Tardiamente, devo dizer, fiz as minhas melhores descobertas musicais. Sou um sujeito do século 20, não tem jeito. Criança nos anos 70, adolescente em meados dos 80, jovenzinho no início dos 90. E me deixem em paz.
Quantas vezes não ouvi uma ou outra música, que ficou para todo sempre em minha mente perturbada e em meu coração combalido e sequer pude saber o nome da música e qual banda a tocava.
Em tempos de rádio de pilha e emissoras AM/FM isso era comum. E quando a MTV chegou atropelando, em meio a chuviscos e à melodiosa The Crying Game, do menino Jorge, eu já estava na curva descendente da vida, que parece não ter fim.
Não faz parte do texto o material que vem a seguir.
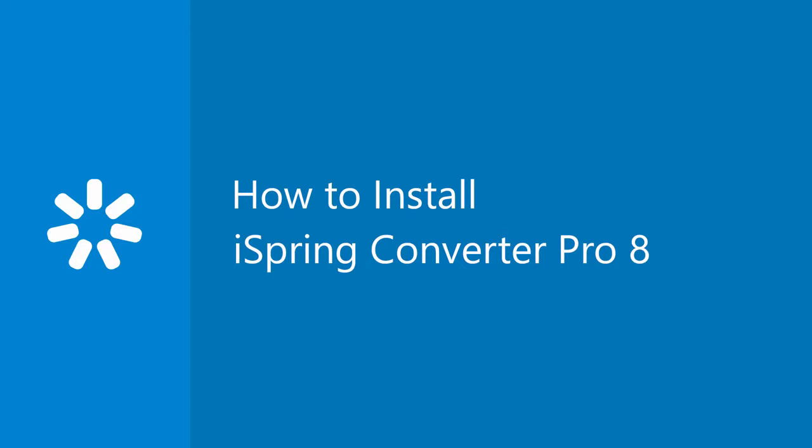Thanks for watching this tutorial and enjoy your brand new iSpring Converter Pro 8.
Só bem depois, quando a poeira da esperança varrida já havia baixado e levado consigo meu resquício de tônus espiritual, eu fui saber quem era, de fato, Joy Division e Echo and the Bunymen.
E o som dessas bandas ícones do pós punk, que trazia intacto comigo, nos mais inconfessáveis recônditos da alma perdida que sou, então, ganharam aparência, forma e conteúdo.
E quando pus pra tocar o Cd do JD, em um velho e rudimentar aparelho adquirido a módicas prestações nas Casas Bahia, lembro de ter dito algo como: Eis aí o que fala à minha mente e ao meu coração.
Eu que já trazia o som instigante do Smiths como pano de fundo das histórias que pretendia contar em contos inacabados e romances mal escritos; eu que me refugiava em instantes de dor e revolta, nas batidas marcantes do The Cure, naquela voz rouca, louca e perturbada de Mr. Robert; eu que fui catapultado às loucuras inconfessáveis, às frustrações mais ressentidas, às besteiras idealizadas e às promessas jamais cumpridas ao ritmo de Pink Floyd, que descobri primeiro em um pôster colado na parede do quarto lá de casa, que eu dividia com meu irmão, antes dele se casar; eu que me deixei levar gostosa e indolentemente ao contágio irresistível de Elton John e David Bowie – Heroes, Skyline Pigeon “Turn me loose from your hands / Let me fly to distant lands. Cinquenta anos que essas palavras foram gravadas em meu coração e em minha mente, as coisas de que sou feito.
Muito antes de eu saber e entender o valor de um livro; de ser apresentado à Pessoa e Helder e Quintana. Bem antes de eu aprender a ordem direta das frases, a linearidade da narrativa, os parágrafos breves; e me lembrar que ação necessariamente não é movimento; e antes que Bauman me revelasse que todo sólido se desfaz no ar. Bem antes de tudo isso…
Devo confessar, estimado leitor, que primeiro odiei Saramago e Rosa; objetei a Thomas Mann, tive ojeriza por Alfred Döblin e Musil. E Lúcio Cardoso não passara diante de meus olhos de um pederasta confuso e enrustido, amante de Clarice…
Até que as escovadas doídas que a vida nos dá, que atende pelos nomes sugestivos senão cínicos, de frustração, decepção, medo, ansiedade e expectativa; até que tudo isso acontecesse, enfim… eh, minha vida, como diria Herberto: Lá embaixo, minha boca está coberta de fogo.
Até que eu entendesse, de fato, o que é poesia e o que é literatura, foi a música, que me manteve às margens da lucidez e me preparou para a batalha jamais vencida. A música. A música pano de fundo e som ambiente, cor e dor e segredo não revelado, que fez eclodir de dentro de mim, todos os meus sentimentos, os melhores e os piores, que me revelou todas as possibilidades, que me estimulou começar a escrever. Começar ou recomeçar? Até hoje não sei, tenho dúvidas. Que importa?
Tive a sorte de me dar por gente, de crescer, passar pelas fases perigosas e decisivas da vida, a infância, a adolescência e a juventude, ouvindo muita coisa boa e bacana. E que ouço até hoje e ouvirei sempre. Porque, embora já na casa dos cinquenta, para além da metade do caminho, em espírito, que sou, ainda tenho vinte e poucos anos. E, por vezes, 15 ou 16.
Eu que fui aos prantos ao chegar em casa, depois de ter assistido no Cine Excelsior à Dama de Vermelho; eu que odiei Arthur o Milionário Sedutor, sujeito burro; agora, me lembro dessas coisas, e dá vontade de ter o copo na mão e o cigarro no canto da boca, dá vontade de poder dançar aquela do A-ha com o rosto colado, naquele julho de 88, que ficou lá atrás, quase esquecido, e ficará para sempre.
Diz aí, Christopher Cross: Best that you can do – Não deixe morrer os meus sonhos.